Tout cela vous le trouverez dans la Congrégation qui vous reçoit aujourd'hui. Oui, vous faites bien d'entrer dans cette voie. “Si vous m'aimez suivez-moi”, c'est la parole du Sauveur. Elle porte grâce avec elle. Mettez-vous en mesure d'en profiter par une vraie et sérieuse préparation. Sans doute les simples résolutions sont bonnes. Il faut en prendre de fermes, de déterminées. Mais ce sont surtout les actes que Dieu demande. Soyez donc Oblats en donnant au Seigneur non pas seulement tel ou tel exercice de votre journée, tel ou tel emploi de votre vie mais tout votre temps, toute votre vie. “Oblatus”,  le mot l'indique. C'est avoir tout offert, tout abandonné entre les mains du Sauveur.

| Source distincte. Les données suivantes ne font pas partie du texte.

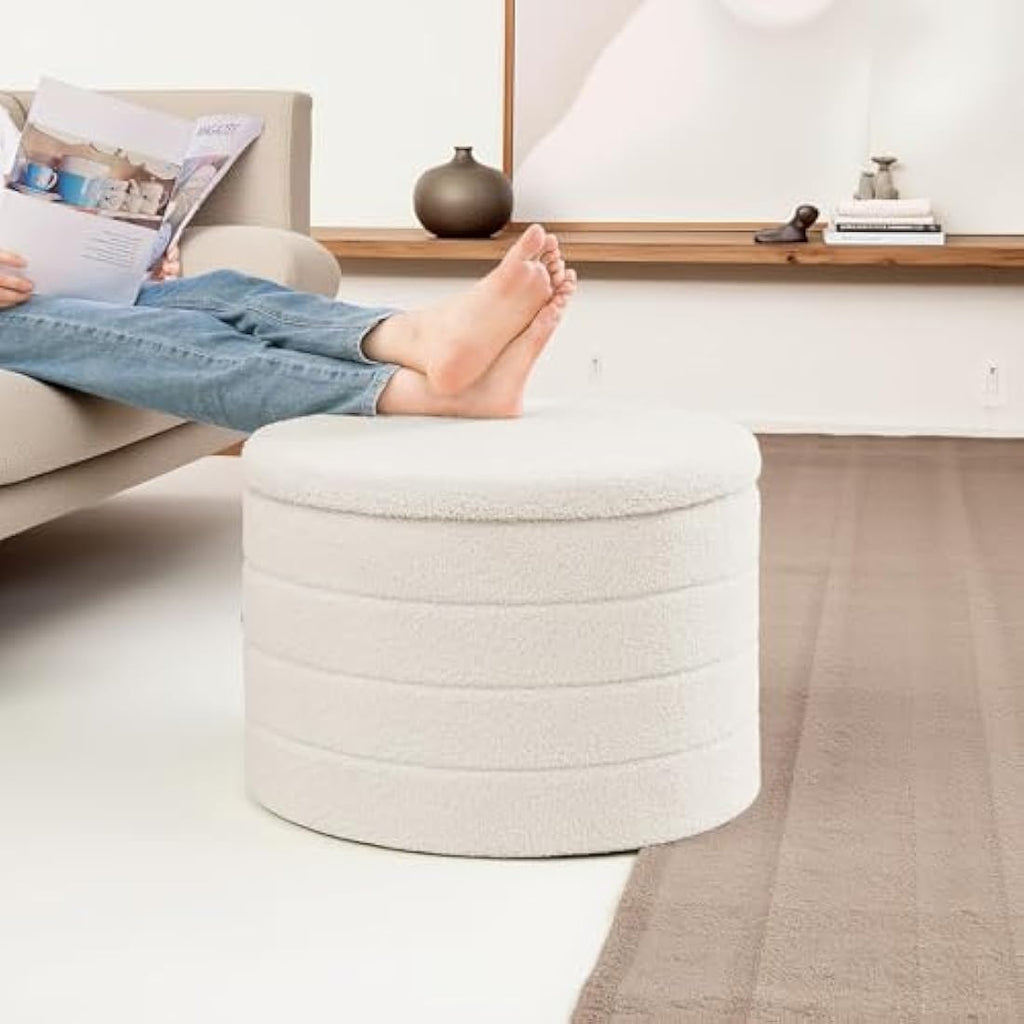 Bonlife Round Storage Ottoman – White Boucle Folding Coffee Table Stool
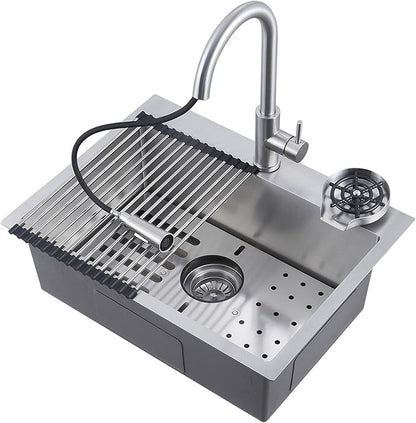 Kitchen Sink, 304 Stainless Steel Sink, Single Bowl, Drop In Kitchen Sink with Complete Accessories, Perfect for Homes, Apartments, and Modern Kitchens in All Settings(Stainless Steel, 32 * 18 in)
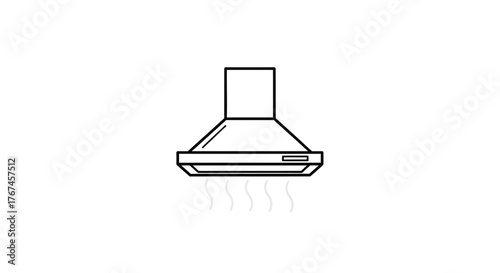 A simple line drawing of a kitchen exhaust hood with steam rising.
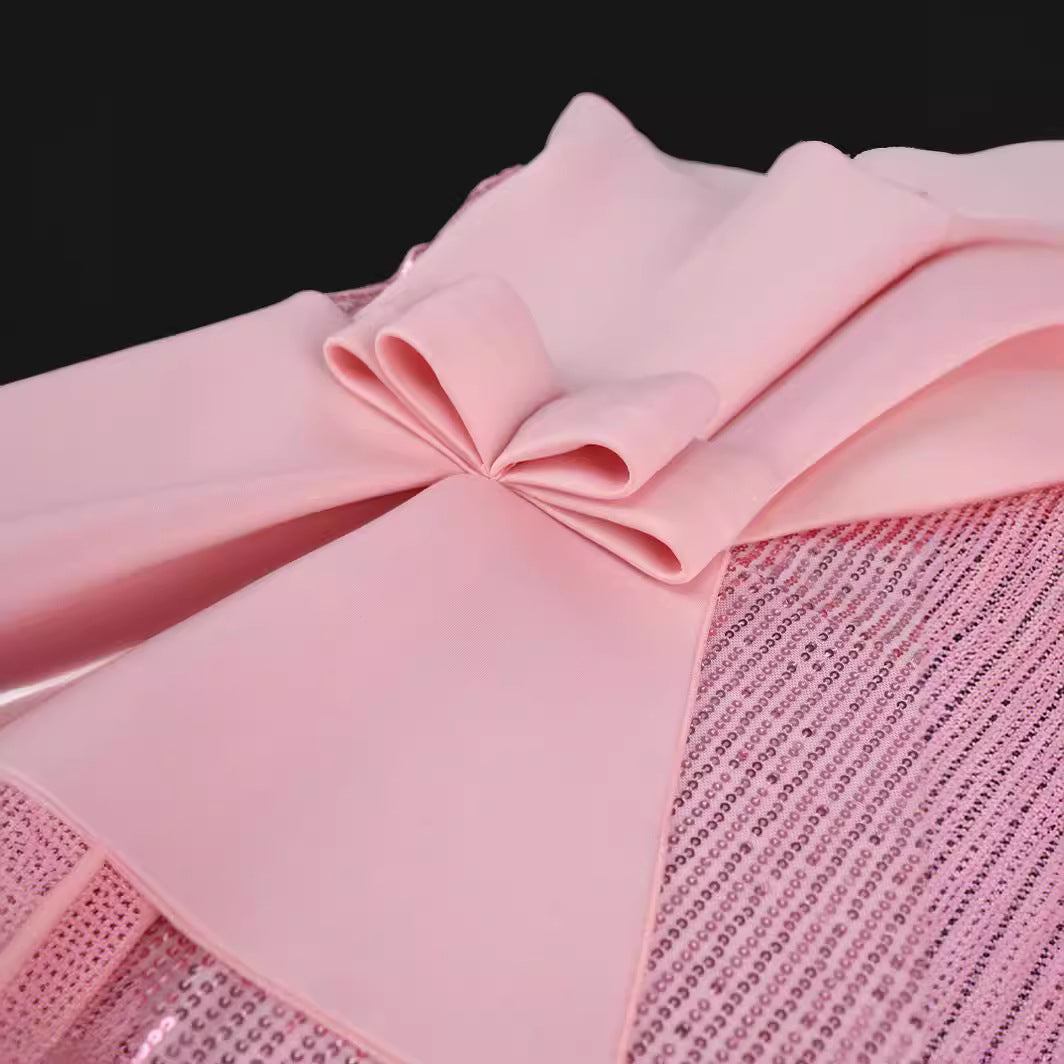 Damen glitzerndes Abendkleid mit asymmetrischem Design und extravaganten Rüschen R&B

Comment remplir une obligation si pressante ? Au moyen d'un tout petit livre, avec votre Directoire. “Mon Père”, me direz-vous, “vous répétez perpétuellement la même chose, vous ne savez donc rien dire que cela?” Oui, mes amis, j'ai feuilleté bien des théologies, j'ai étudié longtemps, j'ai cherché, et j'ai dû me convaincre qu'il faut en revenir à ce petit livre. À lui seul, il pourvoit à tous vos besoins. Quand une peine vous accable, il vous apprend à la supporter; quand une difficulté surgit, il vous montre le secret pour en triompher. Quand vous avez commis un oubli, une faute, il vous permet de la réparer. Vous avez une âme à conquérir, faites une, deux, trois journées de fidélité à votre Directoire et Dieu vous la donnera. Une goutte d’eau, qu'est-ce que c'est que cela? Rien, n'est-ce pas? Et avec une goutte d'eau, par le baptême, vous obtenez le pardon de vos fautes, les dons de l'Esprit-Saint avec les grâces de la vie chrétienne, le droit d'entrer au paradis. De même votre petit livre vous ouvrira la porte du Ciel, la porte des cœurs, il vous conférera la toute puissance de Dieu. Que je désirerais vous donner tout entier à ce cher Directoire!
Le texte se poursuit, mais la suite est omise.